Tag Archives: Modern Farmer

How a Former Wall Street Worker Invested in Fresh Food for Her Community

civil_eats_logo.jpg.662x0_q100_crop-scalePublished at Civil Eats, May 14, 2015

Just before this past Earth Day, dozens of volunteers worked with longtime members of the Hattie Carthan Community Garden in central Brooklyn to clean beds, spread mulch, and pour concrete. The garden has been a fixture in the area for decades, but just six years ago, the abandoned half-acre lot next to it was overgrown with trees and filled with trash. Today that lot is home to a children’s garden, two chicken coops, and the Hattie Carthan Community Market in the summer. There’s also educational programming for all ages and the Hattie Carthan Urban Agriculture Corps, a paid summer apprentice program for local teenagers.

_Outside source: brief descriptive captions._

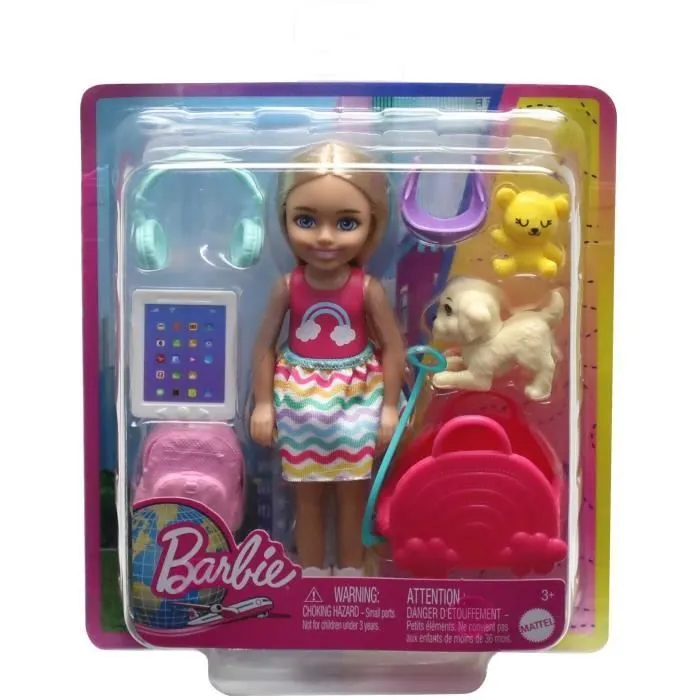 Barbie®-Chelsea en Voyage-Coffret avec chiot et accessoires HJY17-4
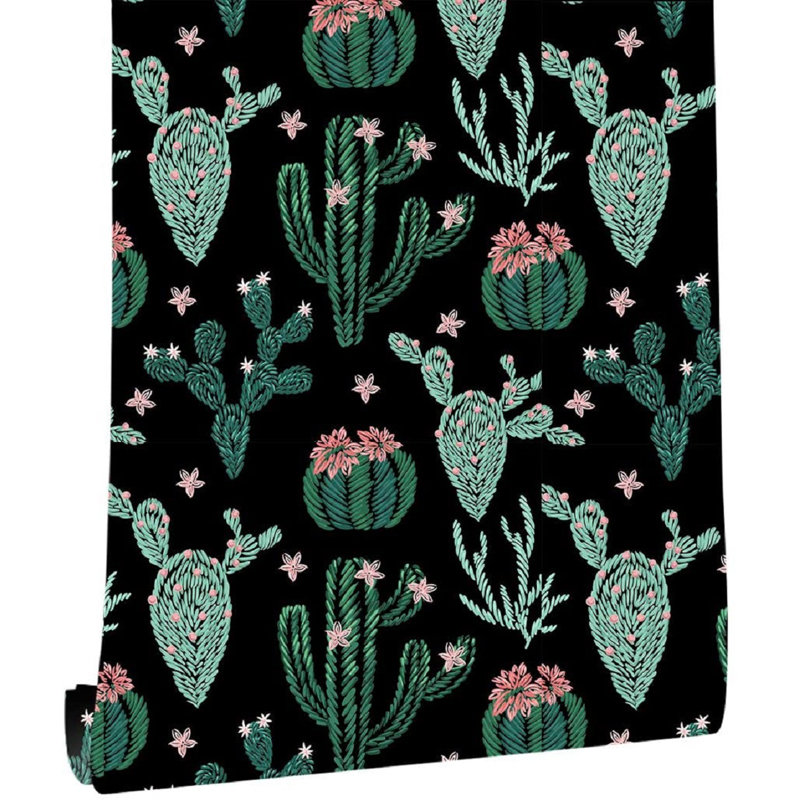 Dakota Fields 93026 Cactus papier peint adhésif auto-adhésif floral en vinyle noir / vert / rose amovible 17,7 po x 9,8 pi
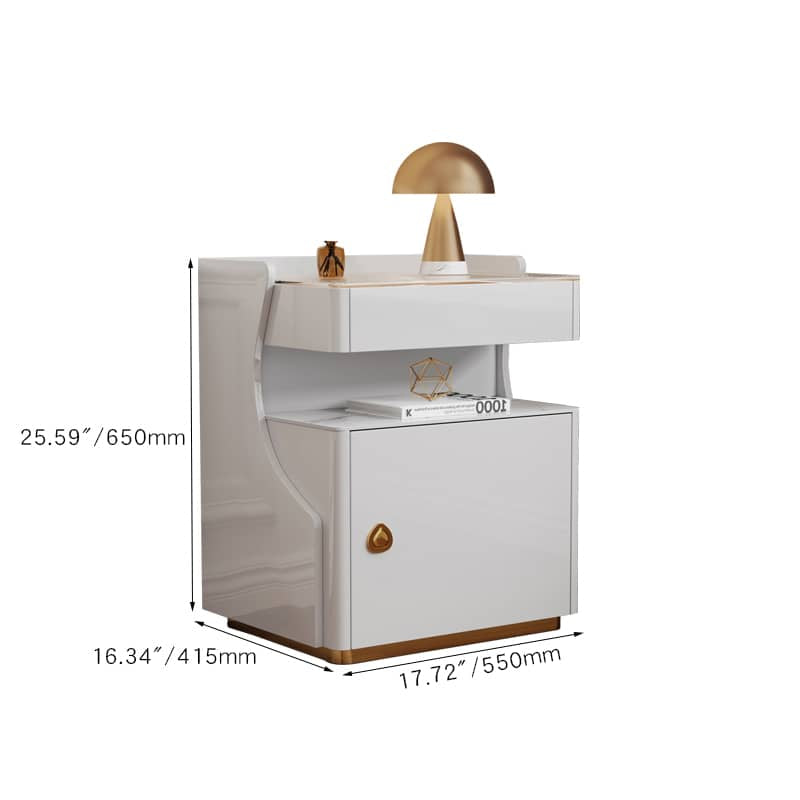 モダンなデザインが魅力!高級ガラス製ナイトテーブル hmq-1921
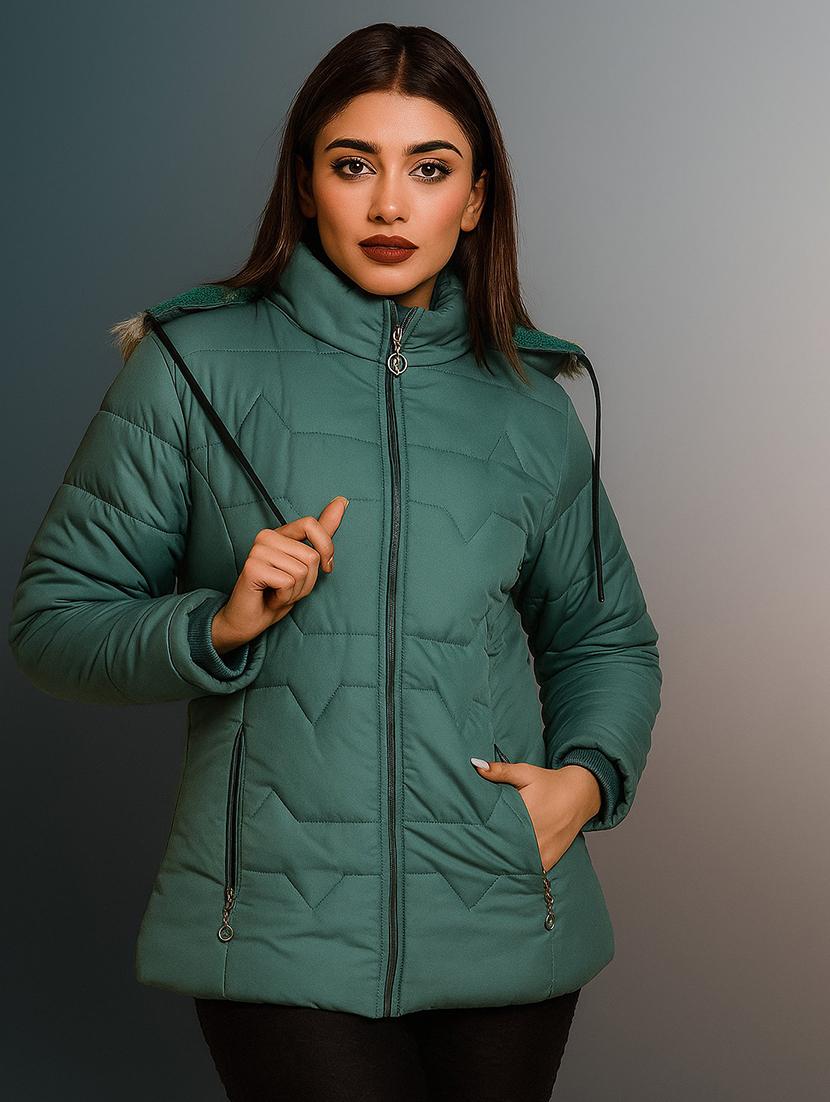 women solid long sleeve hooded parka jacket - 22031539 - Zoom Image - 0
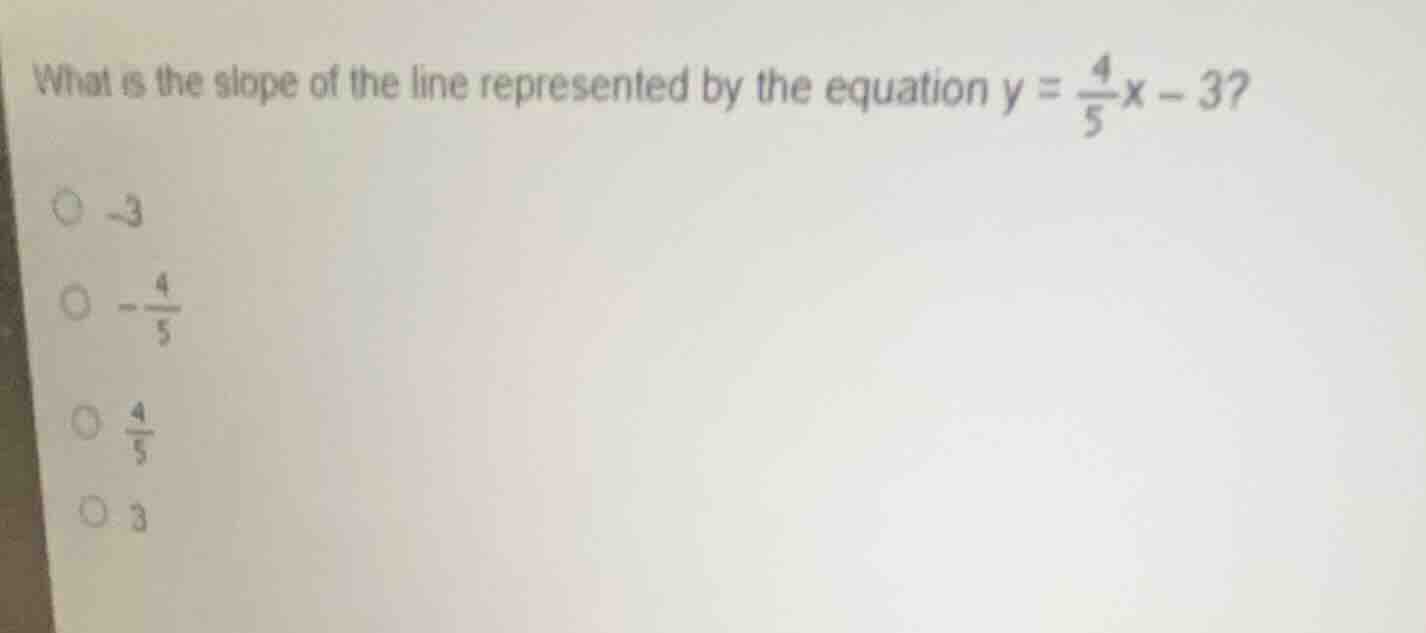 what is the slope of the line represented by the equation $y = \\frac{4…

The volunteers came together that day at the request of urban farmer and social justice advocate Yonnette Fleming, the force behind the transformation of the once vacant lot. Originally from Guyana, Fleming has worked since 2003 to address food insecurity in Brooklyn’s Bedford-Stuyvesant (or “Bed-Stuy”) neighborhood. While working on Wall Street years ago, she joined the community garden. As she became more deeply connected to the earth, she found it harder to juggle the two worlds. In 2008, she left her job to invest herself fully in the community.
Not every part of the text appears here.